# 5.9. learning theory¶

references: (1) Machine Learning - Tom Mitchell, (2) An Introduction to Computational Learning Theory - Kearns & Vazirani

## 5.9.1. evolution¶

• performance is correlation $$Perf_D (h,c) = \sum h(x) \cdot c(x) \cdot P(x)$$

• want $$P(Perf_D(h,c) < Perf_D(c,c)-\epsilon) < \delta$$

## 5.9.2. sample problems¶

• ex: N marbles in a bag. How many draws with replacement needed before we draw all N marbles?

• write $$P_i = \frac{N-(i-1)}{N}$$ where i is number of distinct drawn marbles

• transition from i to i+1 is geometrically distributed with probability $$P_i$$

• mean times is sum of mean of each geometric

• in order to get probabilities of seeing all the marbles instead of just mean[## draws], want to use Markov’s inequailty

• box full of 1e6 marbles

• if we have 10 evenly distributed classes of marbles, what is probability we identify all 10 classes of marbles after 100 draws?

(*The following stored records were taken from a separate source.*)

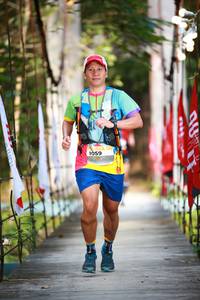 BIB: 
                            <button type="button" onclick="openModal(13578005)" class="btn btn-primary btn-sm float-right btn-popup" data-toggle="modal" data-target=".modal-high-quality">
                        <i class="fas fa-shopping-cart"></i> Add to Cart
                    </button>
                                            <button type="button" onclick="isThisMe(13578005, true)" class="btn btn-success btn-sm float-right btn-popup btn-isme hidden" data-toggle="tooltip" data-placement="bottom" title="นี่คือรูปของคุณใช่ไหม คลิกที่นี่เพื่อเอาเข้าอัลบั้ม">
                        <i class="fas fa-plus"></i> Add to album
                    </button>
                    <button type="button" onclick="isThisMe(13578005, false)" class="btn btn-warning btn-sm float-right btn-popup btn-isnotme hidden">
                        <i class="fas fa-ban"></i> Remove from album
                    </button>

## 5.9.3. computational learning theory¶

• frameworks

1. PAC

2. mistake-bound - split into b processes which each fail with probability at most $$\delta / b$$

• questions

1. sample complexity - how many training examples needed to converge

2. computational complexity - how much computational effort needed to converge

3. mistake bound - how many training examples will learner misclassify before converging

• must define convergence based on some probability

### 5.9.3.1. PAC - probably learning an approximately correct hypothesis - Mitchell¶

• want to learn C

• data X is sampled with Distribution D

• learner L considers set H of possible hypotheses

• true error $$err_d (h)$$ of hypothesis h with respect to target concept c and distribution D is the probability that h will misclassify an instance drawn at random according to D.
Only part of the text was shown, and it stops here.